Problem: From the first line to the last, retype the records exactly and skip the pictures.

[Brief descriptive captions]
--------------------------------

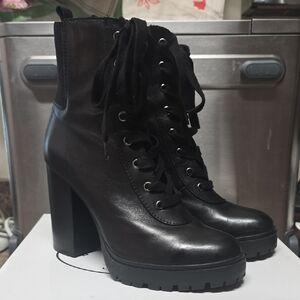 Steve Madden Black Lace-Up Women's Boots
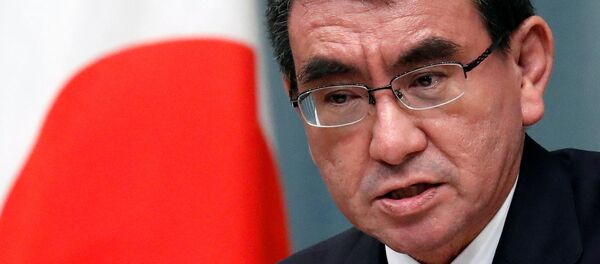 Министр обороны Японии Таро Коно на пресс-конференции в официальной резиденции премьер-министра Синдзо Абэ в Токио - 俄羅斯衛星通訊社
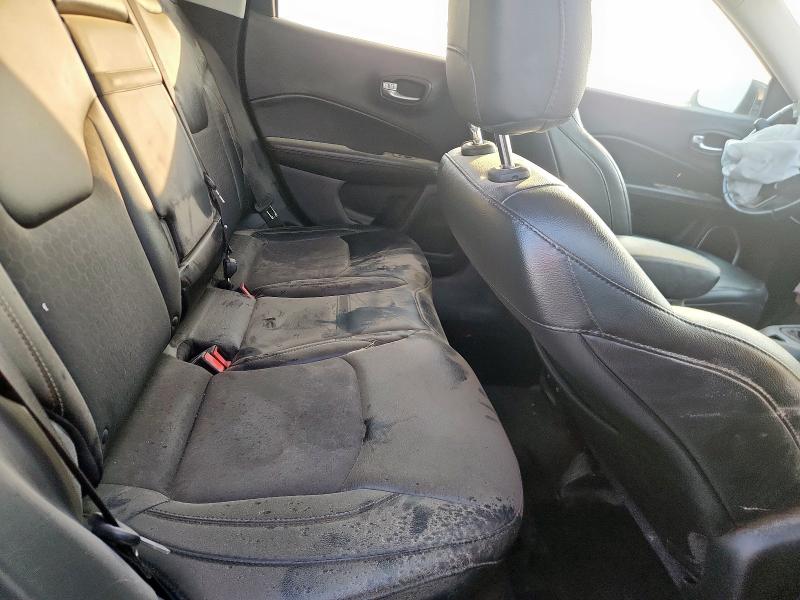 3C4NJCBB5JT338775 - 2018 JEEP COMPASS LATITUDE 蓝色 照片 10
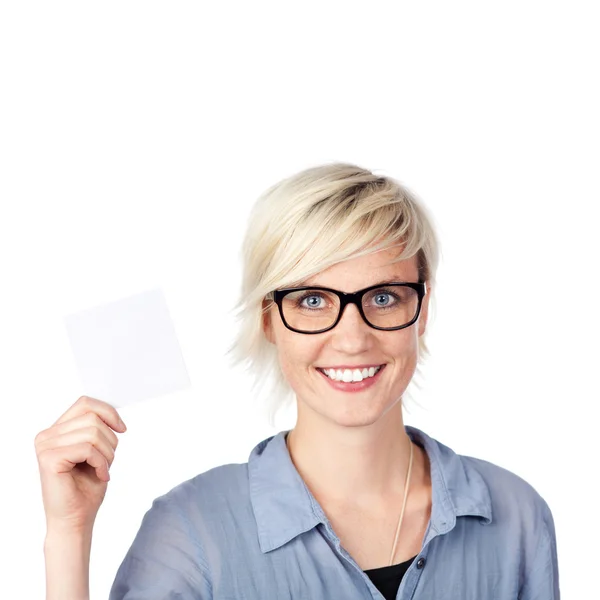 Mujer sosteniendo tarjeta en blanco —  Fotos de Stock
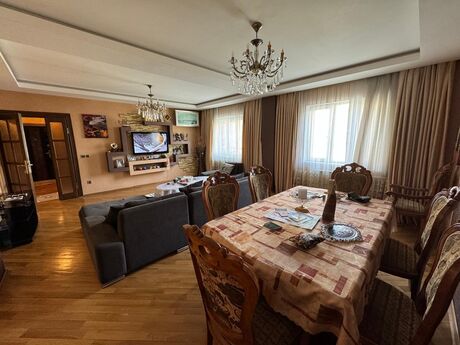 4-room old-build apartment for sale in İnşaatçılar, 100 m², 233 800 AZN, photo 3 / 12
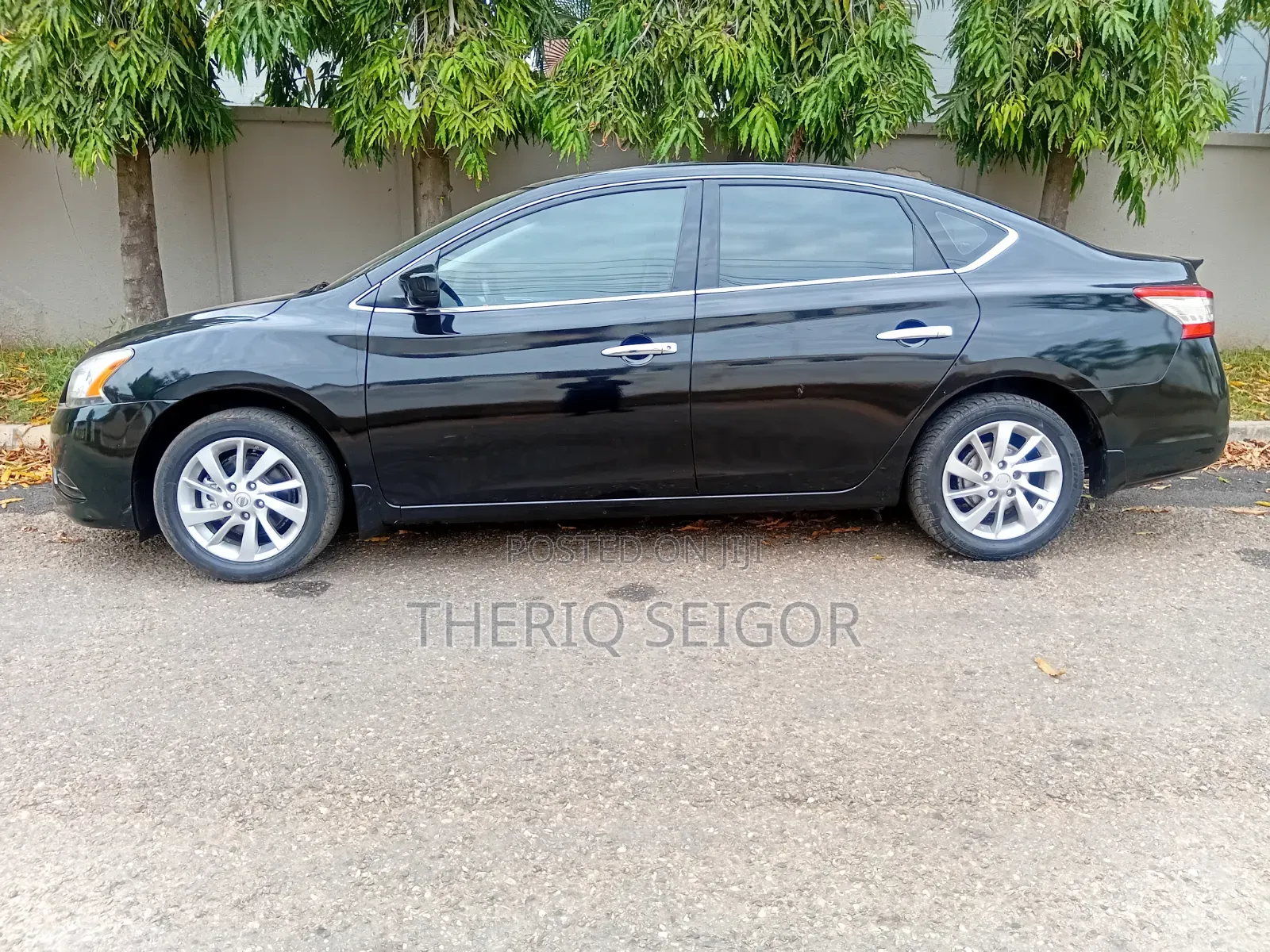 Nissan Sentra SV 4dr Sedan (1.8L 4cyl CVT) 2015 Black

--------------------------------

Result of the task:
 Steve Madden Black Lace-Up Women's Boots
 Министр обороны Японии Таро Коно на пресс-конференции в официальной резиденции премьер-министра Синдзо Абэ в Токио - 俄羅斯衛星通訊社
 3C4NJCBB5JT338775 - 2018 JEEP COMPASS LATITUDE 蓝色 照片 10
 Mujer sosteniendo tarjeta en blanco —  Fotos de Stock
 4-room old-build apartment for sale in İnşaatçılar, 100 m², 233 800 AZN, photo 3 / 12
 Nissan Sentra SV 4dr Sedan (1.8L 4cyl CVT) 2015 Black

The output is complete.